== Data block ==
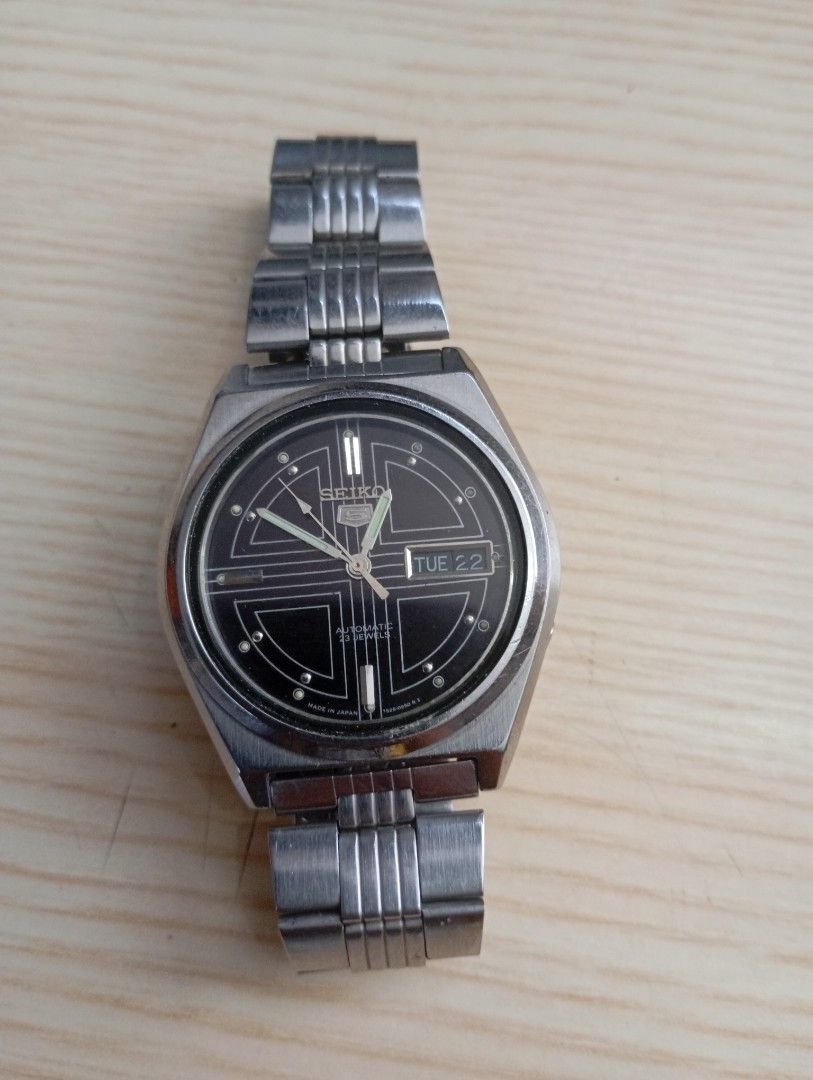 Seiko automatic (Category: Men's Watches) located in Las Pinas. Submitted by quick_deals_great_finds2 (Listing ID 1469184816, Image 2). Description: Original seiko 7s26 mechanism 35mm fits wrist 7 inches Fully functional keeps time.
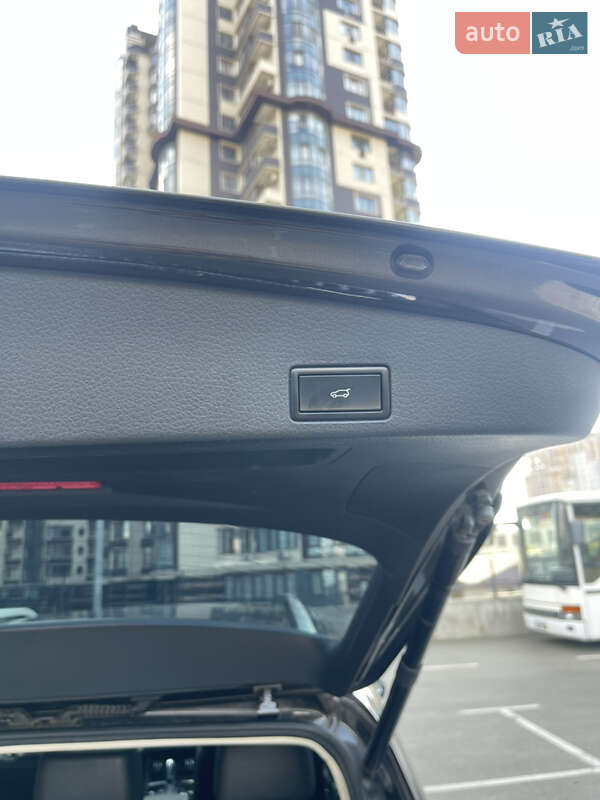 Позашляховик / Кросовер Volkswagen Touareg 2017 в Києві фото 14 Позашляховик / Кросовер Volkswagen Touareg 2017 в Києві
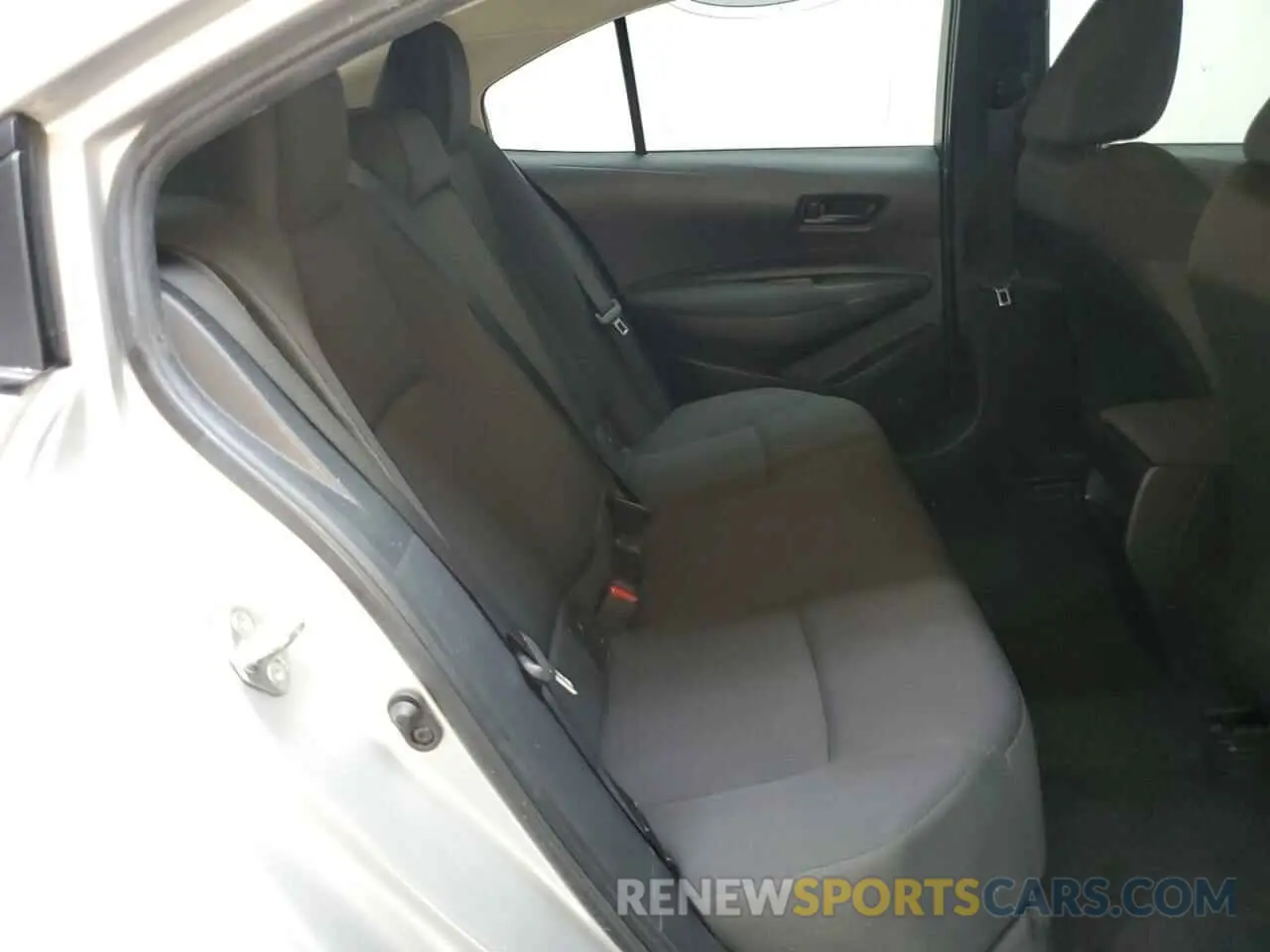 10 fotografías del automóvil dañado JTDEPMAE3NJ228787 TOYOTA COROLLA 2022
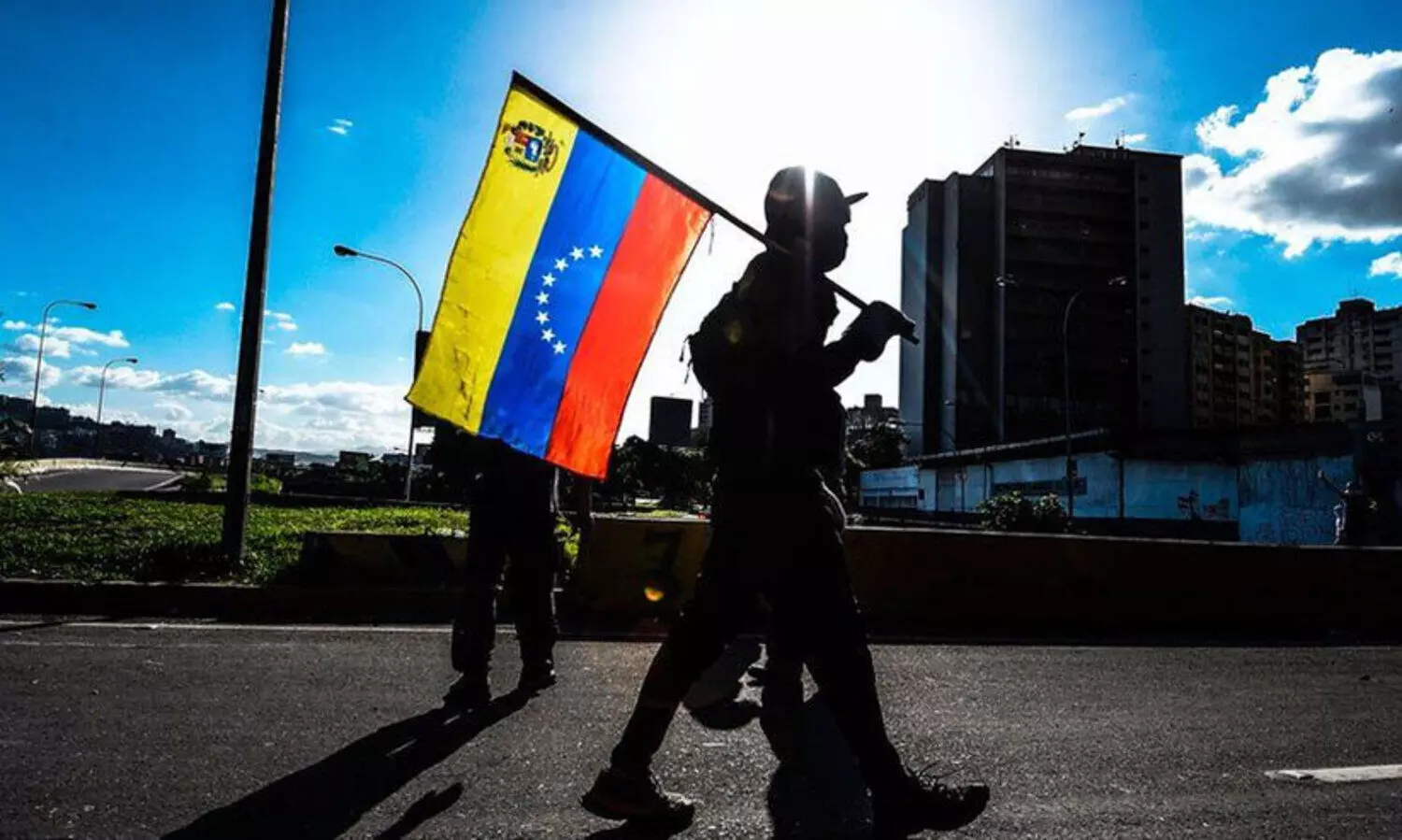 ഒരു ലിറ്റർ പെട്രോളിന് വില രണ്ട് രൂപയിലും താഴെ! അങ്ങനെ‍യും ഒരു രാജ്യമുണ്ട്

== Problem details ==
Pictures must be left out. Repeat exactly the lines from the one containing "Позашляховик / Кросовер Volkswagen Touareg 2017 в Києві фото" through the final line of the data.

== Finished task ==
 Позашляховик / Кросовер Volkswagen Touareg 2017 в Києві фото 14 Позашляховик / Кросовер Volkswagen Touareg 2017 в Києві
 10 fotografías del automóvil dañado JTDEPMAE3NJ228787 TOYOTA COROLLA 2022
 ഒരു ലിറ്റർ പെട്രോളിന് വില രണ്ട് രൂപയിലും താഴെ! അങ്ങനെ‍യും ഒരു രാജ്യമുണ്ട്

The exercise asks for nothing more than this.